[Data section Boundary: Start]

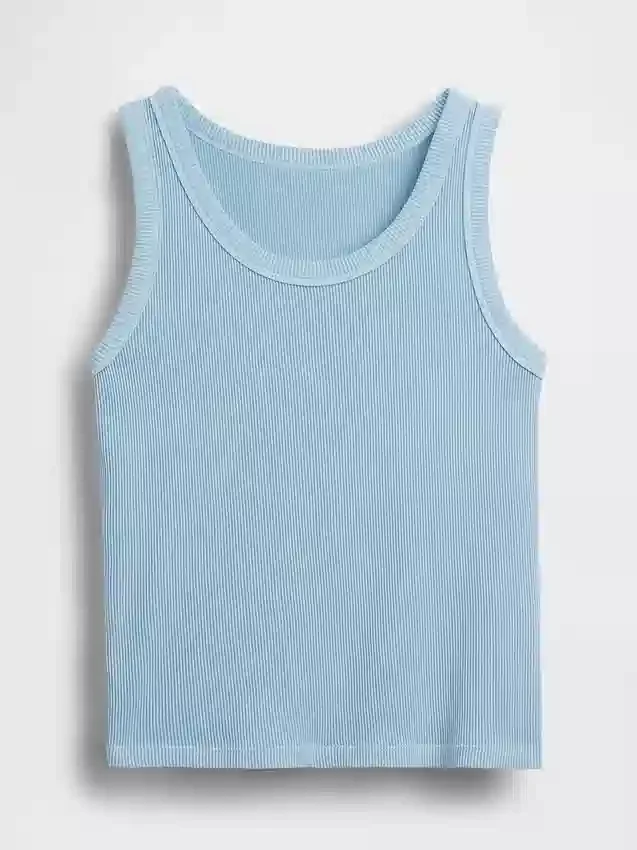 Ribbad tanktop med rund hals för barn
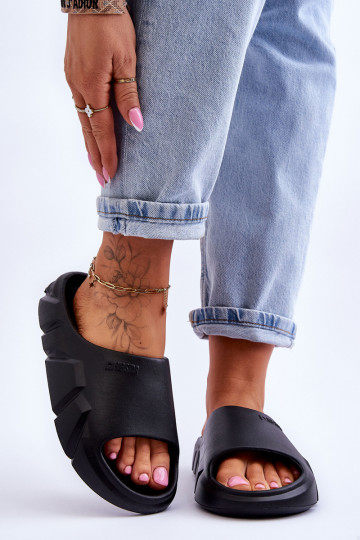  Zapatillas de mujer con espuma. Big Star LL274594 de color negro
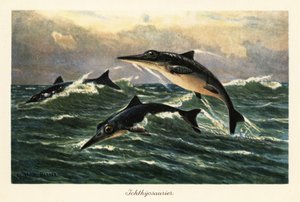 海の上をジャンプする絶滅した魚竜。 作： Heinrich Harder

[Data section Boundary: End]
[Data section Boundary: Start]

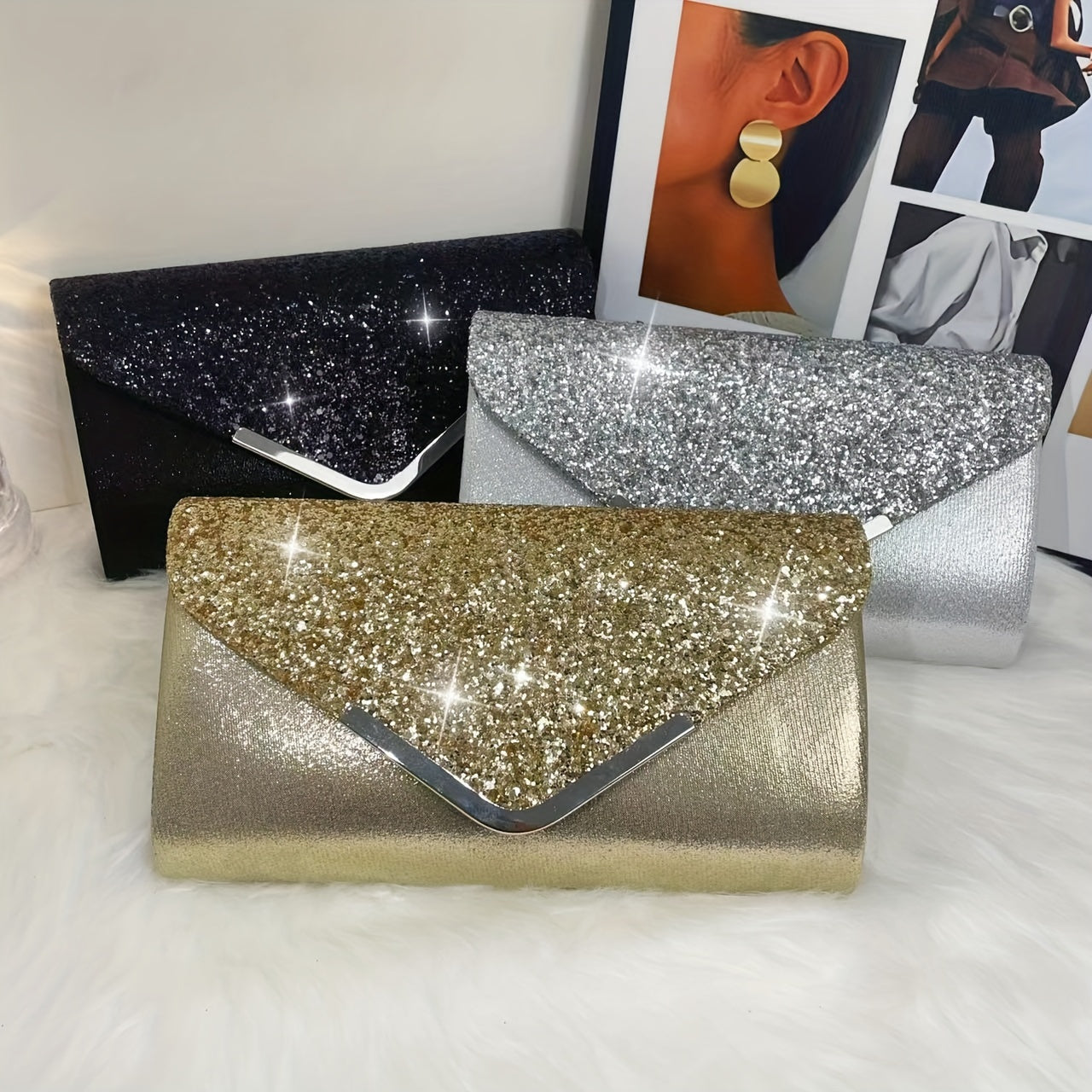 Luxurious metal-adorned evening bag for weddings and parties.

[Data section Boundary: End]

Assignment >> What is needed is an exact copy of the lines above, from the one holding "Ribbad tanktop med rund hals för barn" down to the one holding "海の上をジャンプする絶滅した魚竜。 作： Heinrich Harder", with those two included and the pictures left out.

Task output >>
 Ribbad tanktop med rund hals för barn
  Zapatillas de mujer con espuma. Big Star LL274594 de color negro
 海の上をジャンプする絶滅した魚竜。 作： Heinrich Harder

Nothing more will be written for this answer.